Reproduce the whole listing that follows, character for character, and drop the images.

— Given information —
***

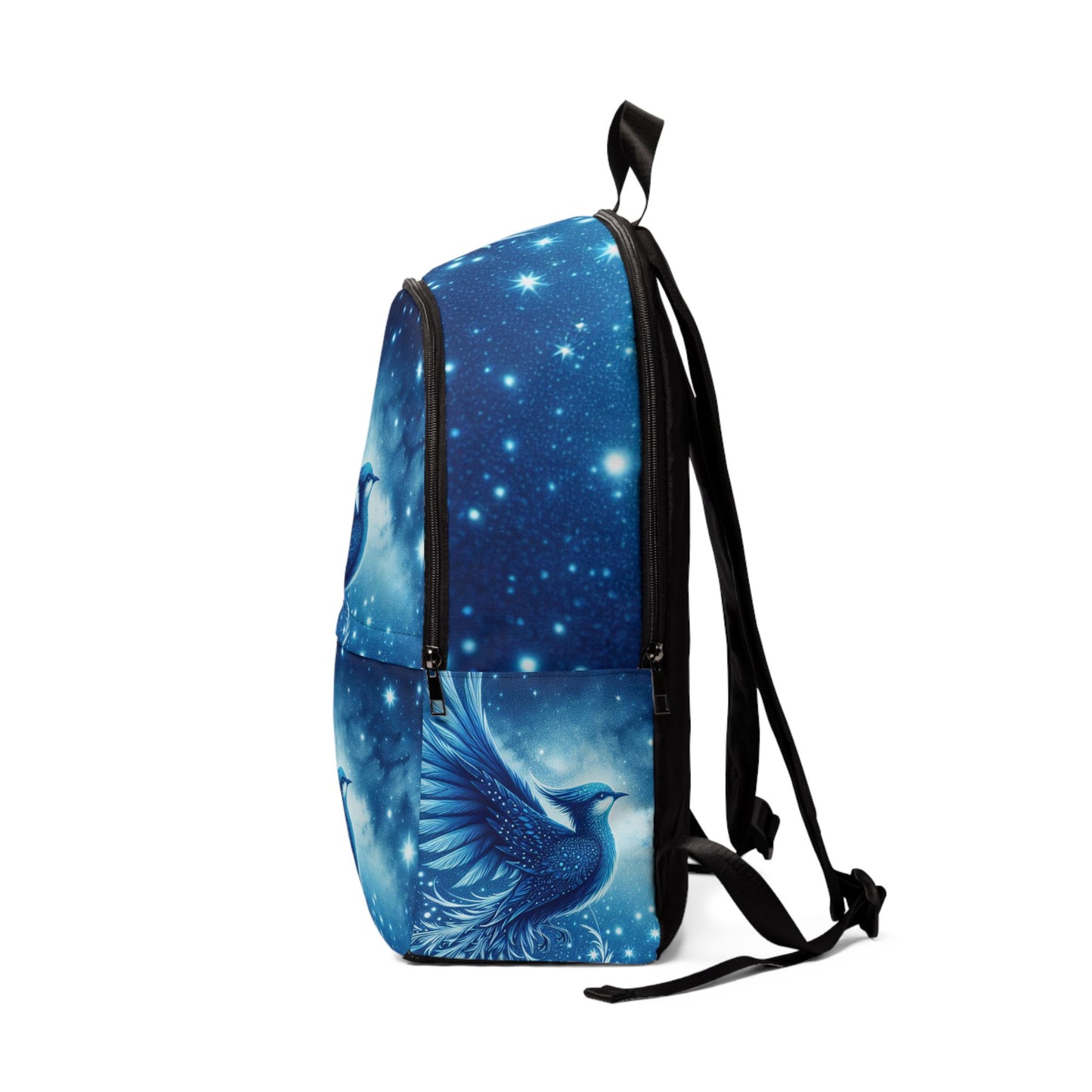 Celestial Bird Unisex Fabric Backpack - Vibrant Blue Design for Adventure and Everyday Use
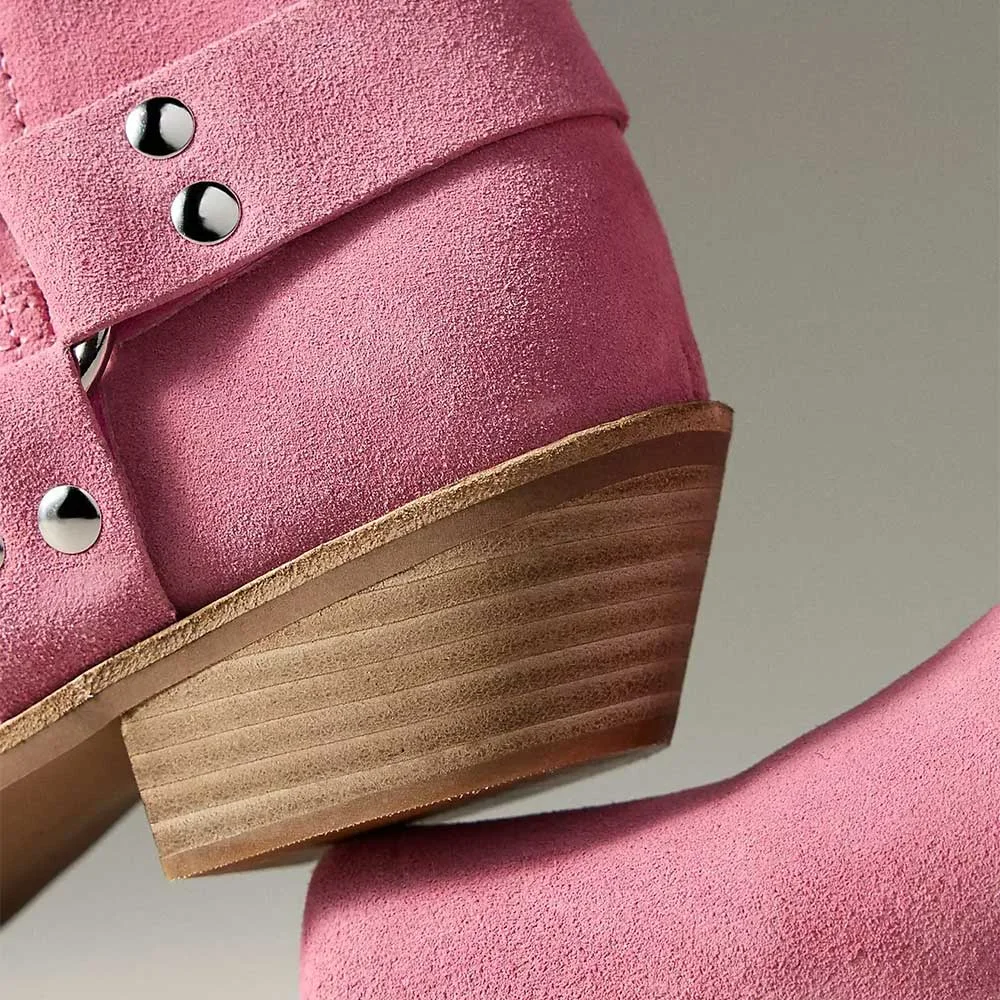 Cute Pink Vegan Suede Studded Ring Square Toe Ankle Boots Women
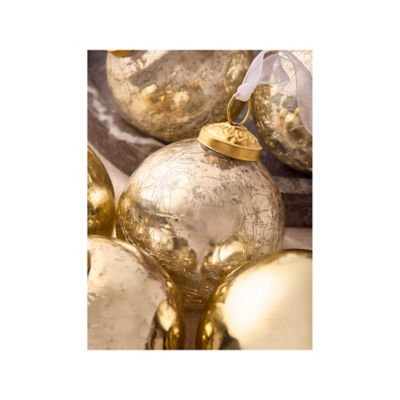 GH gold glass baubles set of 6 for Christmas tree decorations (British brand)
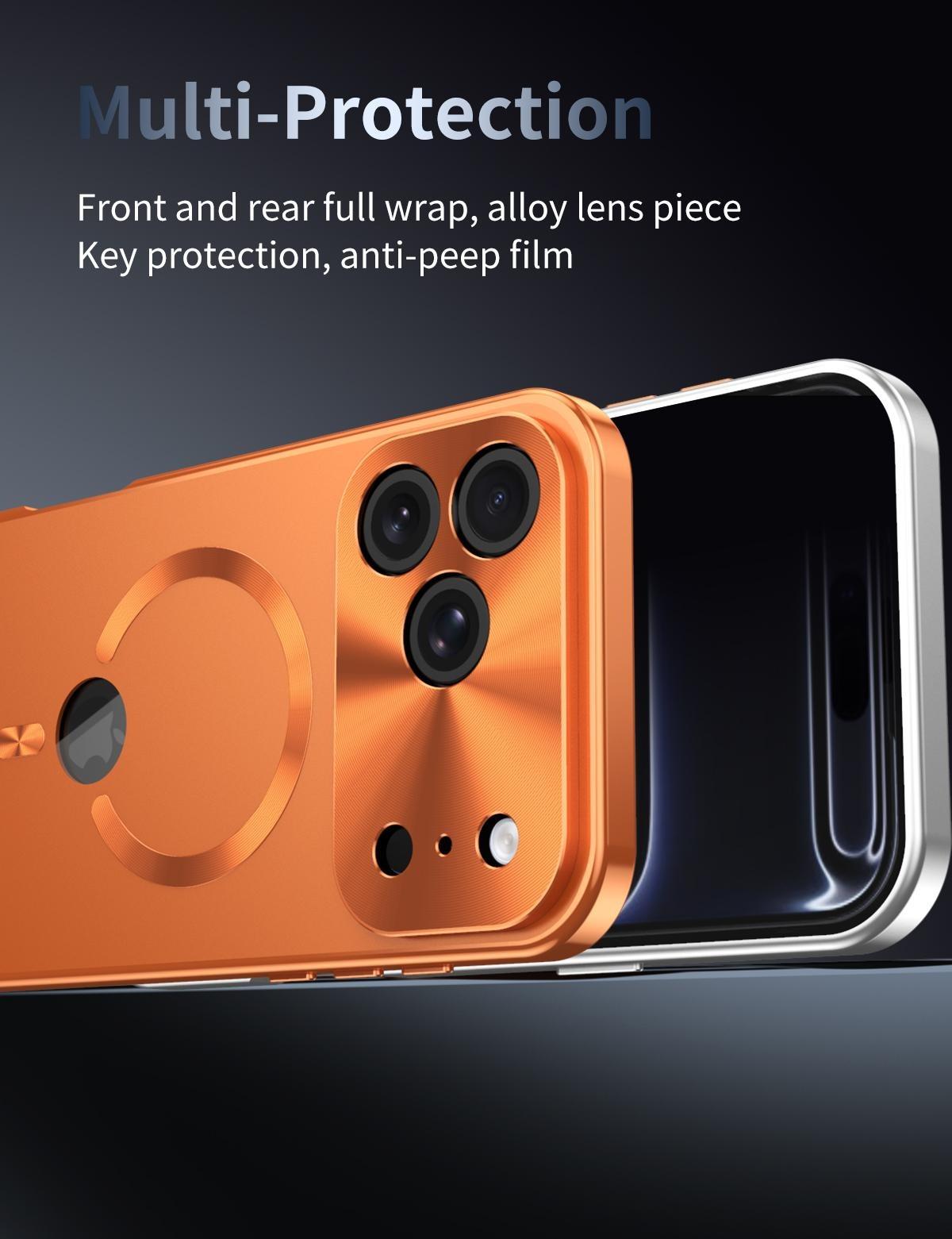 Platic Back [Not All Metal  PC Back] Metal Frame, ip 17 Pro Max CaseFull Coverage Privacy Screen Lens Protection Magnetic TPU Back International Warranty Phone Cases phone case 17 pro max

***

— Answer section —
 Celestial Bird Unisex Fabric Backpack - Vibrant Blue Design for Adventure and Everyday Use
 Cute Pink Vegan Suede Studded Ring Square Toe Ankle Boots Women
 GH gold glass baubles set of 6 for Christmas tree decorations (British brand)
 Platic Back [Not All Metal  PC Back] Metal Frame, ip 17 Pro Max CaseFull Coverage Privacy Screen Lens Protection Magnetic TPU Back International Warranty Phone Cases phone case 17 pro max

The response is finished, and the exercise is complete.